> **Problem to work on**
Would you return the data below exactly as it stands, with every picture left out?

> **Available records**
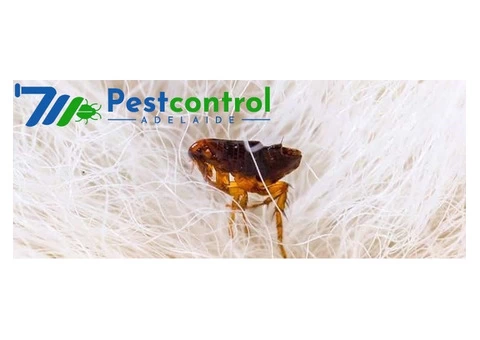 Flea Removal Adelaide - 2/3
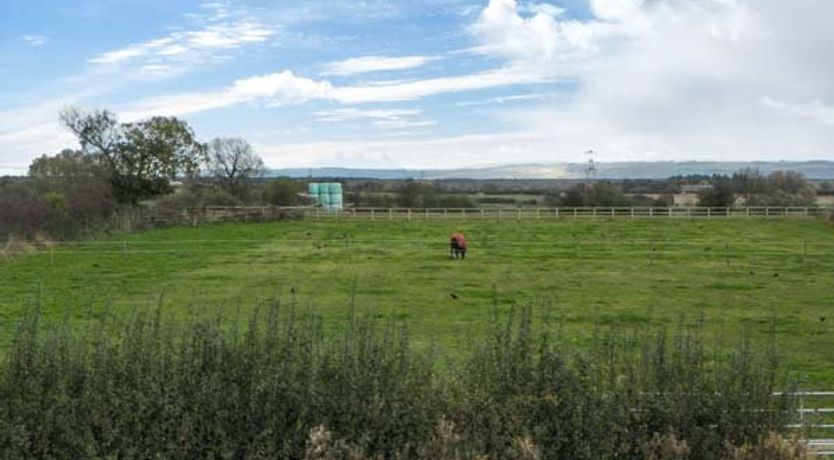 Photo of Lillieput Lodge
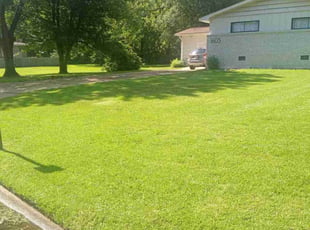 Lizzie T.'s grass maintenance service result
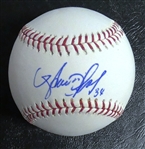 Avisail Garcia Autographed Baseball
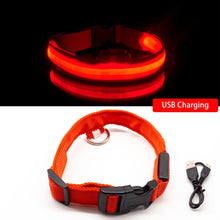 Load image into Gallery viewer, USB Charging Led Dog Collar Itdinos
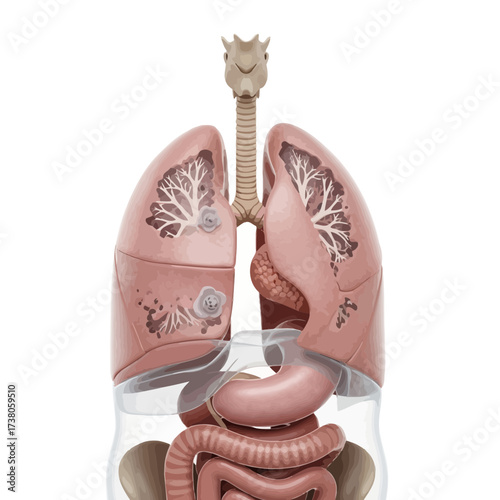 Comprehensive 3D Render of Human Respiratory System and Gas Exchange (2)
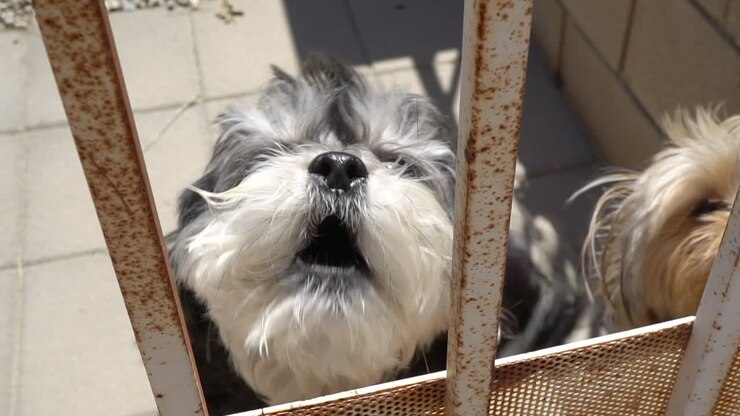 Dogs barking at a stranger from behind a fenced yard - slow motion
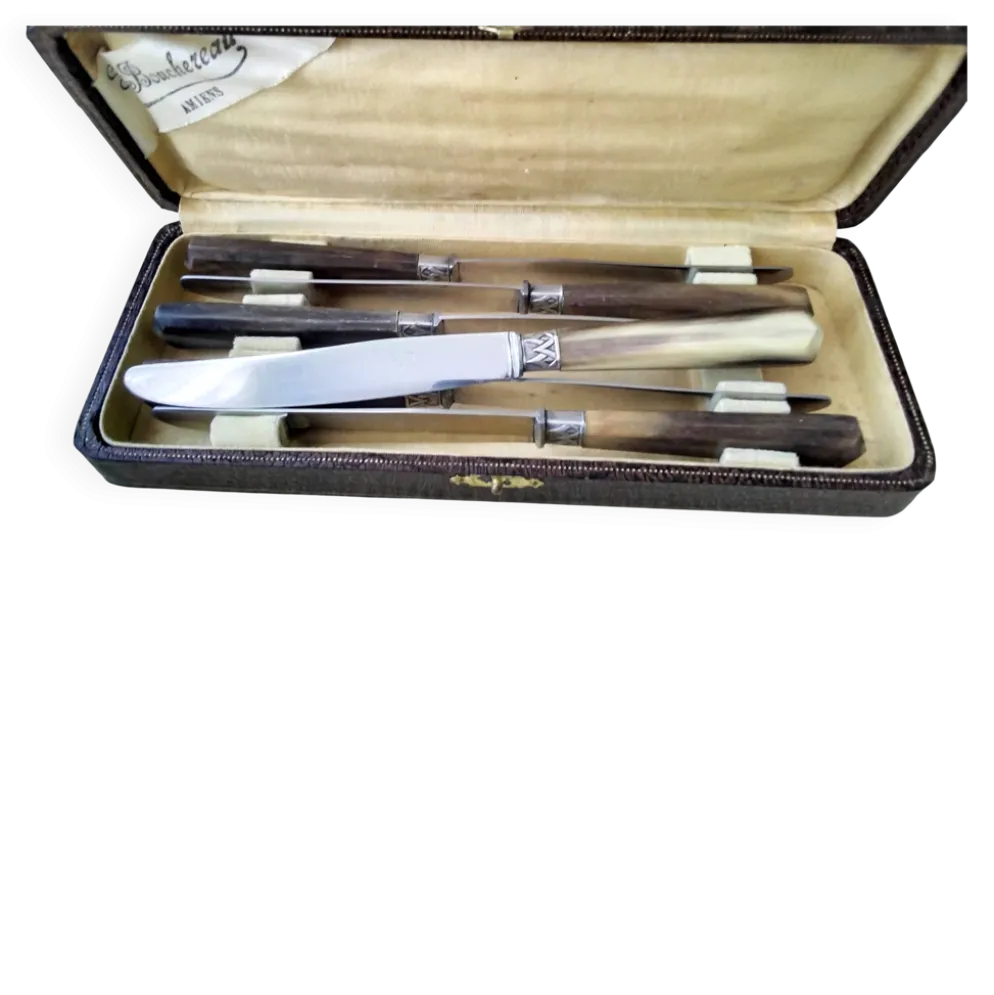 Coffret de 6 couteaux à fromage anciens Inox et corne Bovine GAG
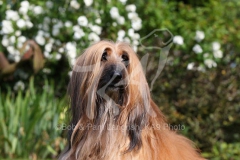 Afghan Hound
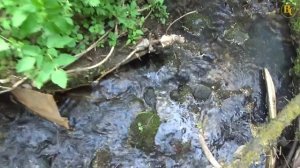 Поиск золота на старых отвалах.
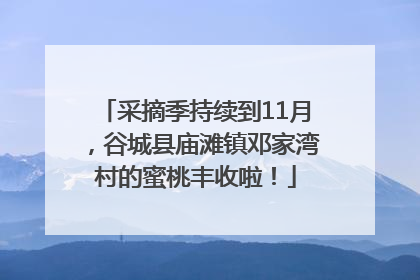 采摘季持续到11月，谷城县庙滩镇邓家湾村的蜜桃丰收啦！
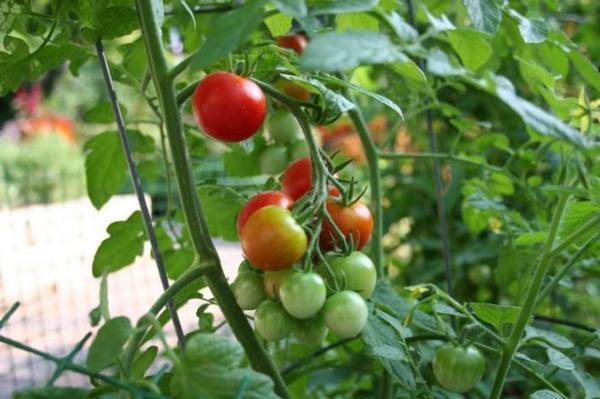 Описание сорта томатов с хорошим урожаем - «Анюта F1» с фото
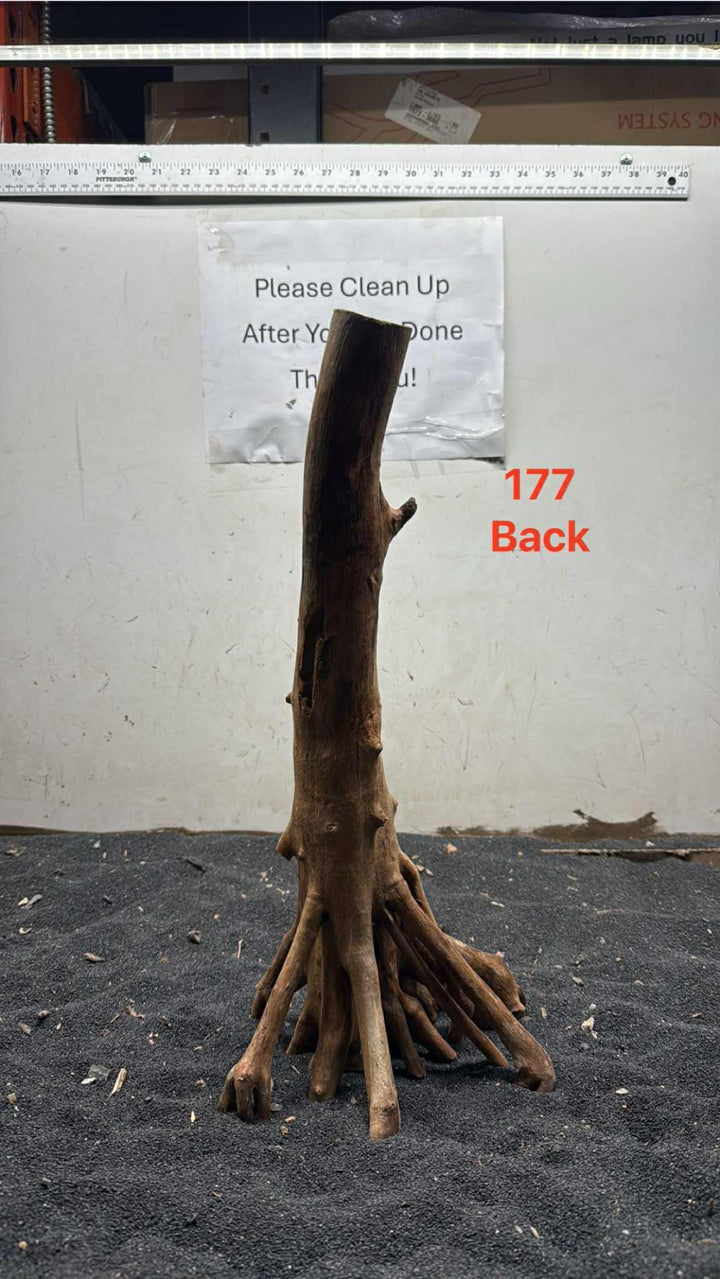 Mangrove Tree Stump 177
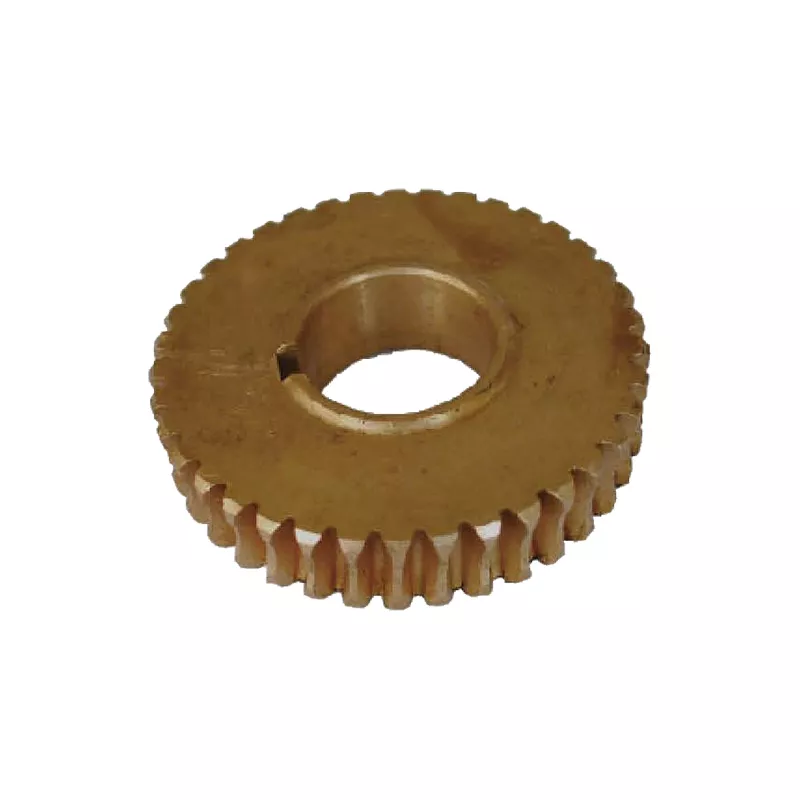 Worm gear (JG-WL-5-T38)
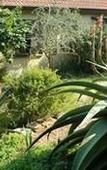 Туры в отель Mackaya Bella Guest House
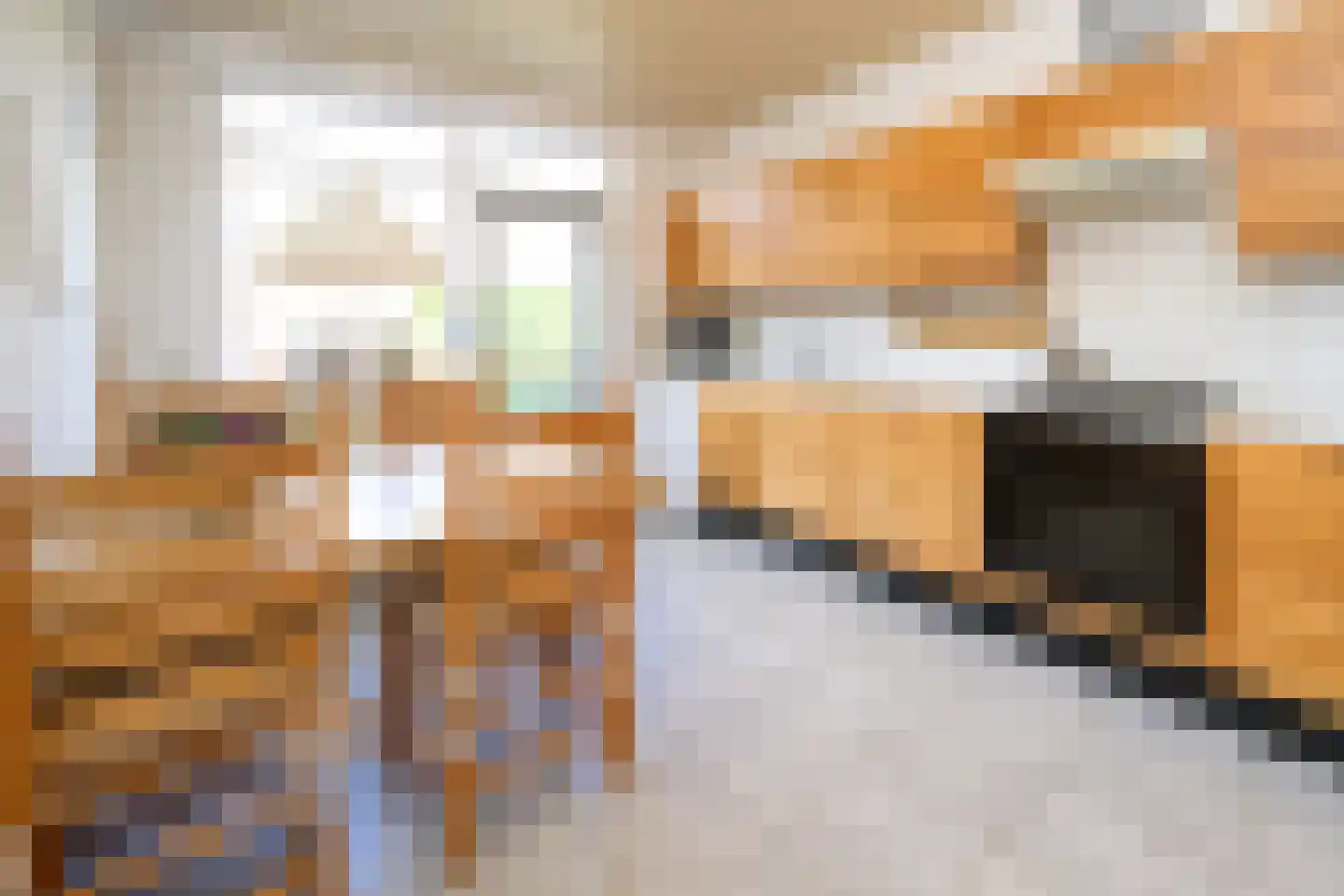 Geelgorsstraat 18 Brummen thumbnail 6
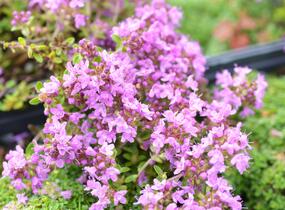 Mateřídouška úzkolistá 'Minimus' - Thymus serpyllum 'Minimus'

> **Solution**
 Flea Removal Adelaide - 2/3
 Photo of Lillieput Lodge
 Lizzie T.'s grass maintenance service result
 Avisail Garcia Autographed Baseball
 Load image into Gallery viewer, USB Charging Led Dog Collar Itdinos
 Comprehensive 3D Render of Human Respiratory System and Gas Exchange (2)
 Dogs barking at a stranger from behind a fenced yard - slow motion
 Coffret de 6 couteaux à fromage anciens Inox et corne Bovine GAG
 Afghan Hound
 Поиск золота на старых отвалах.
 采摘季持续到11月，谷城县庙滩镇邓家湾村的蜜桃丰收啦！
 Описание сорта томатов с хорошим урожаем - «Анюта F1» с фото
 Mangrove Tree Stump 177
 Worm gear (JG-WL-5-T38)
 Туры в отель Mackaya Bella Guest House
 Geelgorsstraat 18 Brummen thumbnail 6
 Mateřídouška úzkolistá 'Minimus' - Thymus serpyllum 'Minimus'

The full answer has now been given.